Building an effective Voice Agent for our own docs

Jan 21, 2025 • 10 minutes reading time

Successfully resolving >80% of user inquiries

At ElevenLabs, we recently embedded a Conversational AI agent in our docs to help reduce the support burden for documentation-related questions (Test it out here). Our support agent is now successfully handling over 80% of user inquiries across 200 calls per day. These results demonstrate the potential for AI to augment traditional documentation support while highlighting the continued importance of human support for complex queries. In this post, I will detail our iterative process you can follow to replicate our success.

Our goals

We set out to build an agent that can:

Resolve support questions that can be answered from the context of our product and support documentation
Redirect users to relevant documentation sections
Forward complex queries to email/discord support when needed
Have a fluid and natural conversation, with low latency and realistic interruption handling

Results and Impact

We implemented two layers of evaluation:

(1) AI Evaluation Tooling: For each call, our built-in evaluation tooling runs through the finished conversation and evaluates if the agent has been successful. The criteria is fully customizable. We ask if the agent solved the user inquiry, or was able to redirect them to a relevant support channel.

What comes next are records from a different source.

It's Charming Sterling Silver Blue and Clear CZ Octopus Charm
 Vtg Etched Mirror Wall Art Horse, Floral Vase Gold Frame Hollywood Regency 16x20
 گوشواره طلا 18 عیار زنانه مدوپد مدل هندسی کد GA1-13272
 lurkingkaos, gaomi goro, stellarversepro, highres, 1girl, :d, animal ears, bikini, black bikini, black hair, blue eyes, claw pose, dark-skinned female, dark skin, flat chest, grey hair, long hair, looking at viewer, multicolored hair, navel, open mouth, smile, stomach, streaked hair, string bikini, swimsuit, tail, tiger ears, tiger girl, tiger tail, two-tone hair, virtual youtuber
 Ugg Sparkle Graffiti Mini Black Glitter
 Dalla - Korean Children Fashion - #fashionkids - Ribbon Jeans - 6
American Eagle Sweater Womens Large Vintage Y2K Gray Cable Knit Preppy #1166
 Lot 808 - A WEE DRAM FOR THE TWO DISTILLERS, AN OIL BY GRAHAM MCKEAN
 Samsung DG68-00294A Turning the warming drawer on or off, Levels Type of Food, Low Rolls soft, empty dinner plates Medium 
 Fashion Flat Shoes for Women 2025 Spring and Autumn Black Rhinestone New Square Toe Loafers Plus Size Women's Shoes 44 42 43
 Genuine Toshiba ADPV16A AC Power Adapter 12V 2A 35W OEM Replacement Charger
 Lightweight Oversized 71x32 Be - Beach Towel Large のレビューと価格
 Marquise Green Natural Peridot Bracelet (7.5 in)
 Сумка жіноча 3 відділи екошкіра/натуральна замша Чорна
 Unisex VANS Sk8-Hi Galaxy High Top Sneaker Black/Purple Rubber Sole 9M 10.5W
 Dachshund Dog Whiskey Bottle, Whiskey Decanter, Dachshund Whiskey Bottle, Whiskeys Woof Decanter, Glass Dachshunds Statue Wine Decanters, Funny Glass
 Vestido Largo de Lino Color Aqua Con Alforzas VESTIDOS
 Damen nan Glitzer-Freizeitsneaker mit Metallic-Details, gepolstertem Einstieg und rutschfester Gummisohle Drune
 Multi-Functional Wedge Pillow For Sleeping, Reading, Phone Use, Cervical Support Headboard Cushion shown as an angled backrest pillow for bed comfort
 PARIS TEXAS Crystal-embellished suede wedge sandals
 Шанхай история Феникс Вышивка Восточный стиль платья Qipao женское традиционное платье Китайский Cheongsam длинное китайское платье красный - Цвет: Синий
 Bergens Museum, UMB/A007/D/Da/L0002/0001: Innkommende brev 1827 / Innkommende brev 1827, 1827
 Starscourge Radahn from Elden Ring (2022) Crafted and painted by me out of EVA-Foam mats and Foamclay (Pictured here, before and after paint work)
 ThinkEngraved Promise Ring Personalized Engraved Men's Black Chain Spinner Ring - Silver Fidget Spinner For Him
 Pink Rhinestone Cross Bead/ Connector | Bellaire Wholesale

We have been able to steadily improve the ability of the LLM to solve or redirect the inquiry successfully, reaching 80% according to our evaluation tooling.

Excluding calls with less than 1 turn in the conversation, which imply no question / issue was raised by the caller.

Now, it’s important to consider that not all types of support queries or questions can be solved by an LLM, especially for a startup that builds fast and innovates constantly, and with extremely technical and creative users. As an additional disclaimer, an evaluation LLM will not evaluate correctly 100% of the time.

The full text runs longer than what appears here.